Task prompt: Set down the entries exactly as they appear, apart from the images, which stay out.

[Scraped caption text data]
━━━━━━━━

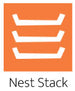Three trays nest stacked with the words nest stack written underneath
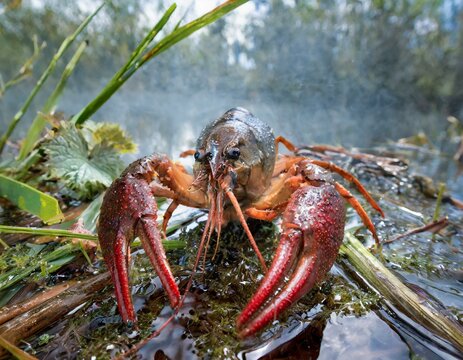wild red swamp crawfish attacks!
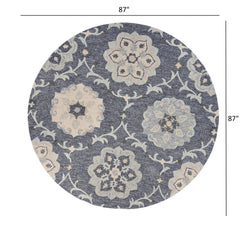 7' Blue And Gray Round Wool Hand Tufted Area Rug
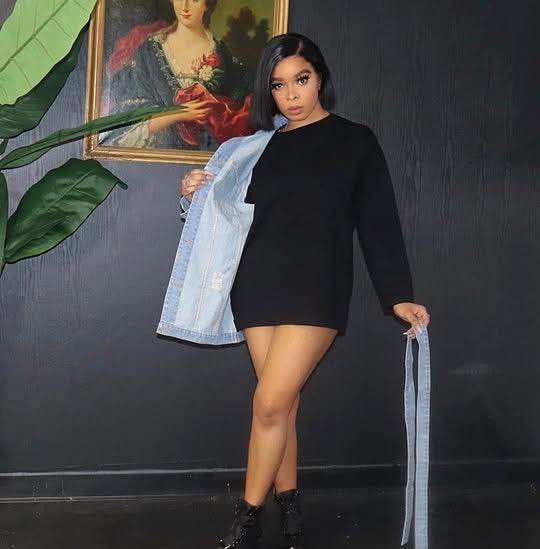Denim Drip Sweater Dress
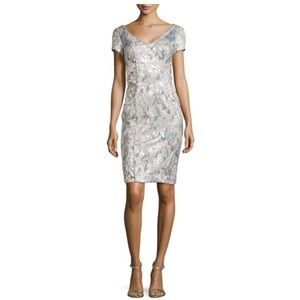 #403 THEIA Brocade Jacquard Floral Dress size 12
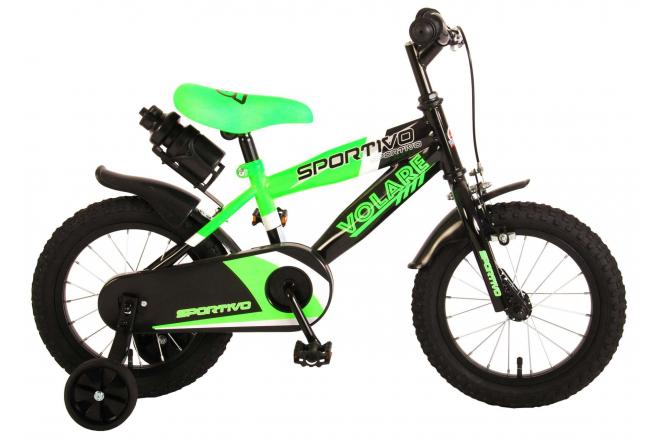 Load image into Gallery viewer, Volare Sportivo Kinderfiets Jongens 14 inch Neon Groen Zwart 95% afgemonteerd
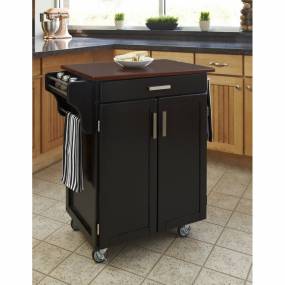 Cuisine Cart Black Finish with Cherry Top - Homestyles Furniture 9001-0047G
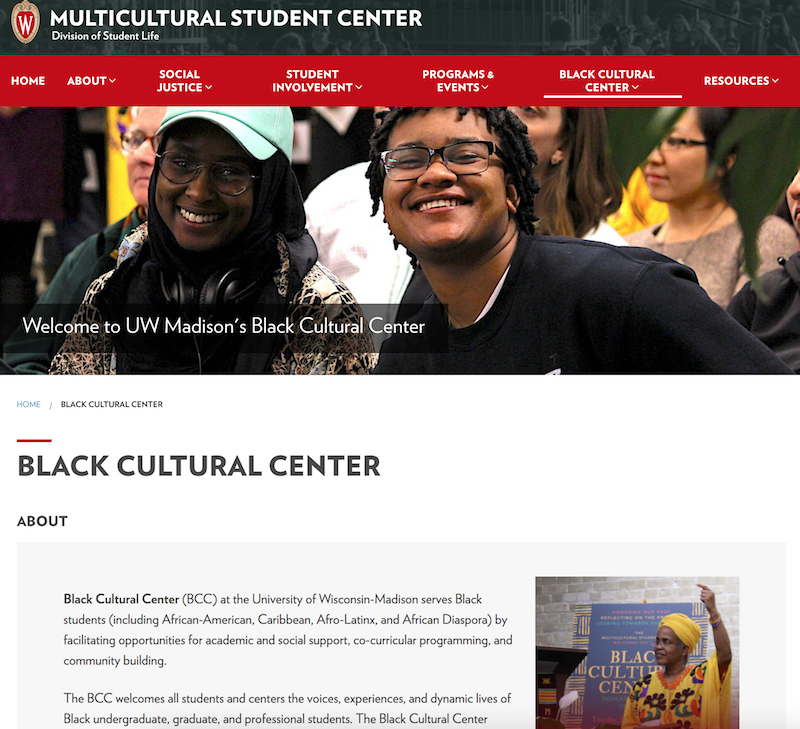 Screenshot of the Black Cultural 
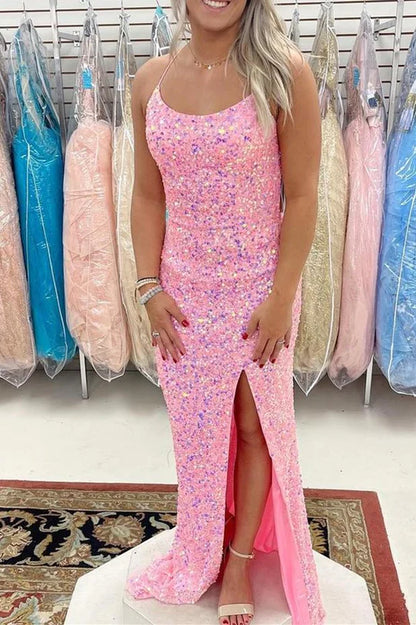 Sequins Long Formal Dress with Lace Up Back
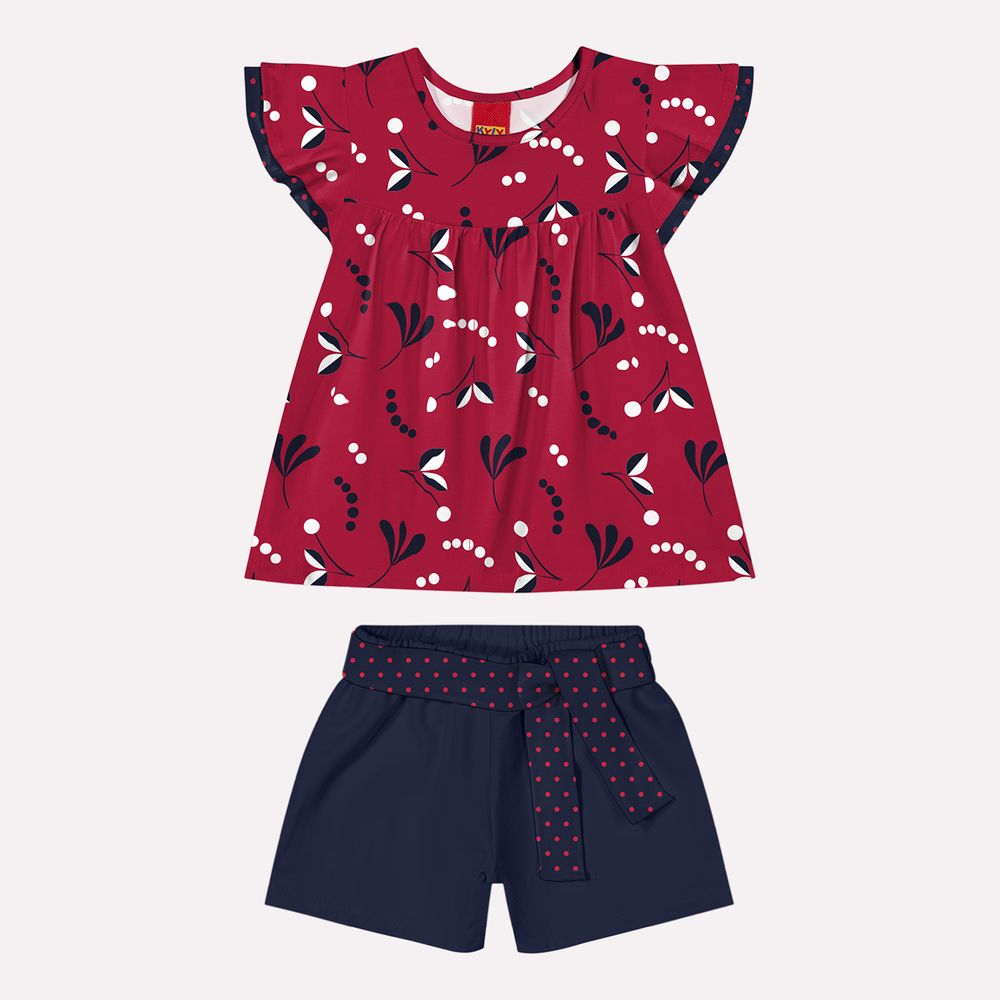 Kyly  Girls' TShirt & Shorts Set 1000541  "Falling Leaves" Red-Navy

━━━━━━━━

Solution for this problem:
Three trays nest stacked with the words nest stack written underneath
wild red swamp crawfish attacks!
 7' Blue And Gray Round Wool Hand Tufted Area Rug
Denim Drip Sweater Dress
 #403 THEIA Brocade Jacquard Floral Dress size 12
 Load image into Gallery viewer, Volare Sportivo Kinderfiets Jongens 14 inch Neon Groen Zwart 95% afgemonteerd
 Cuisine Cart Black Finish with Cherry Top - Homestyles Furniture 9001-0047G
 Screenshot of the Black Cultural 
 Sequins Long Formal Dress with Lace Up Back
 Kyly  Girls' TShirt & Shorts Set 1000541  "Falling Leaves" Red-Navy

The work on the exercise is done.